[RFC] ideas for a new Python DBAPI driver (was Re: libpq test suite)

From: Manlio Perillo <manlio(dot)perillo(at)gmail(dot)com>
To: pgsql-hackers(at)postgresql(dot)org
Subject: [RFC] ideas for a new Python DBAPI driver (was Re: libpq test suite)
Date: 2013-02-14 14:23:15
Message-ID: 511CF353.1040901@gmail.com
Views: Raw Message | Whole Thread | Download mbox | Resend email
Thread:
Lists: pgsql-hackers

-----BEGIN PGP SIGNED MESSAGE-----
Hash: SHA1

Il 14/02/2013 14:06, Albe Laurenz ha scritto:
> Manlio Perillo wrote:
>> Sorry for the question, but where can I find the libpq test suite?
>> I can not find it in the PostgreSQL sources; it seems that there are
>> only some examples, in src/test/examples.
>
> The regression tests are in src/interfaces/libpq/test
> and currently contain only URL parsing tests.
>

Ok, thanks.

Since I'm not sure if I should add a new test here, I'll use the test
suite of my project, since it contains an (almost) 1:1 wrapper around libpq.

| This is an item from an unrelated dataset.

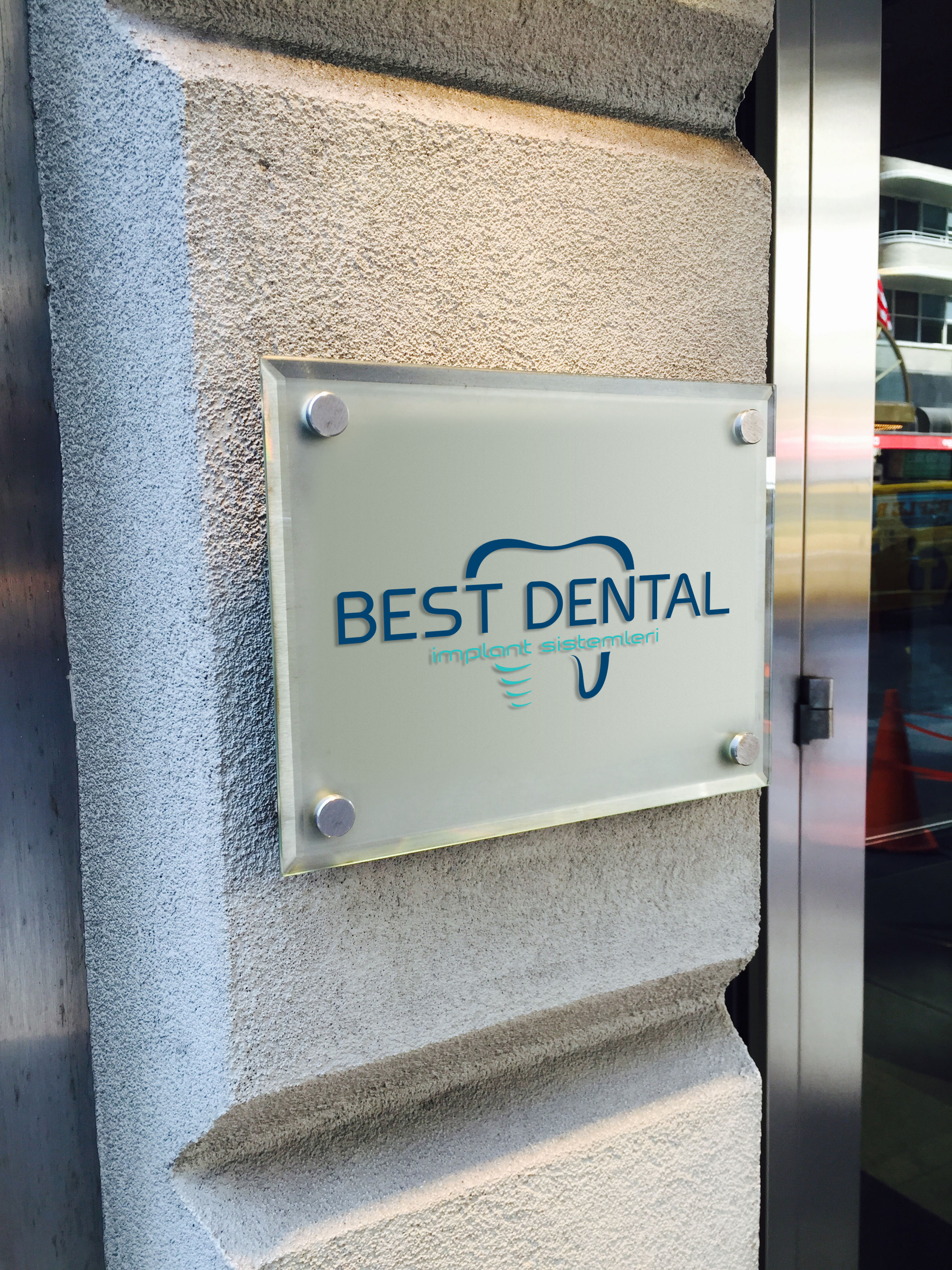 Best Dental Yeni logosunu arıyor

>> I'm planning to add some new features to libpq:
>>
>> * make PQsendPrepare send a "Describe Portal" protocol message
>> * add support for setting per column binary result format
>
> I suggested exactly that here:
> http://www.postgresql.org/message-id/D960CB61B694CF459DCFB4B0128514C208A4EDD4@exadv11.host.magwien.gv.at
> and met resistance:
> - one can use libpqtypes
> - I couldn't find a convincing use case
> - it clutters up the API
>

For my Python DBAPI2 PostgreSQL driver I plan the following optimizations:

1) always use PQsendQueryParams functions.

This will avoid having to escape parameters, as it is done in
psycopg2
(IMHO it still use simple query protocol for compatibility purpose)

2) when the driver detects a Python string is being sent to the
database, use binary format.

As a special case, this will avoid having to use PQescapeByteaConn
when sending binary string (e.g. byte strings in Python 3.x)

3) enable use of prepared statements, but only if the user requested it,
using setinputsizes function (used to set the Oids of the parameters)

4) when using a prepared statement, check the Oids of the result tuple.

In order to make this efficient, I proposed a patch to send a
Describe Portal message in PQsendPrepare function.

When the driver detects that one of the result column is a string
type, set the result format for that column to binary.

As a special case, this will avoid having to use PQunescapeBytea
when receiving a bytea data.

This is currently impossible, using libpq API.

5) when returning the result set of a query, after a call to
cursor.fetchall(), do not convert all the data to Python objects.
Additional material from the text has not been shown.